*TASK REQUIREMENTS:*
Start at the first line below and write out everything verbatim except the pictures.

*DATA BLOCK:*
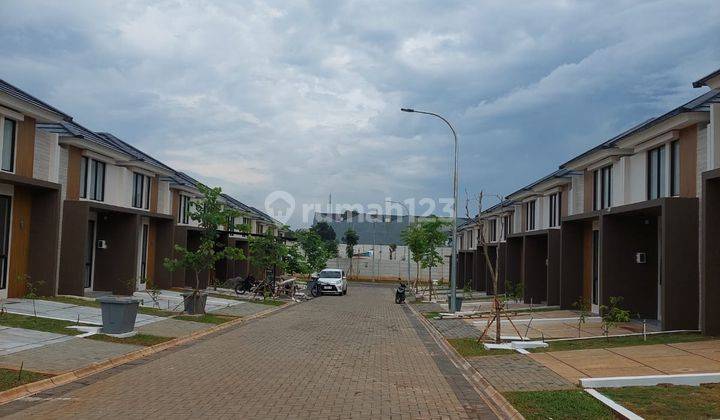 Disewakan Rumah Baru Di Citra Garden Serpong, Cisauk, Dekat Stasiun, Rumah Baru 2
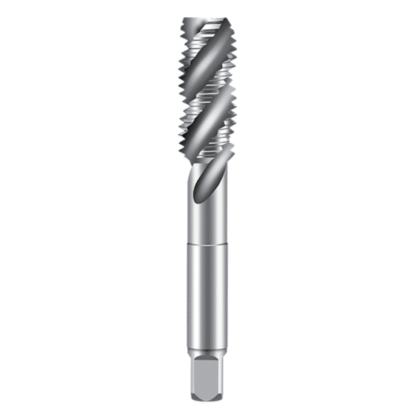 High Performance HSS-PM Spiral Flute Machine Tap for Blind Hole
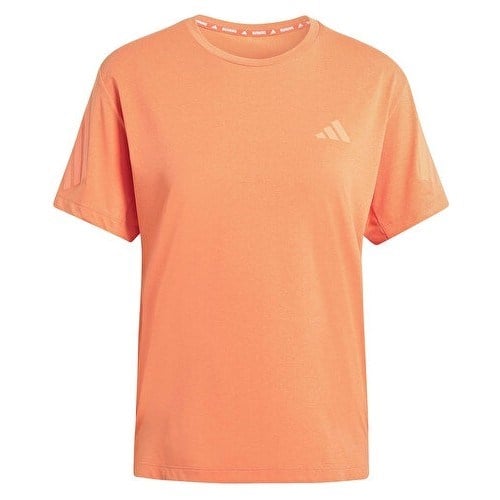 Adidas ADI365/// T W Kadın Koşu Tişörtü JZ5117 Turuncu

*SOLUTION BELOW:*
 Disewakan Rumah Baru Di Citra Garden Serpong, Cisauk, Dekat Stasiun, Rumah Baru 2
 High Performance HSS-PM Spiral Flute Machine Tap for Blind Hole
 Adidas ADI365/// T W Kadın Koşu Tişörtü JZ5117 Turuncu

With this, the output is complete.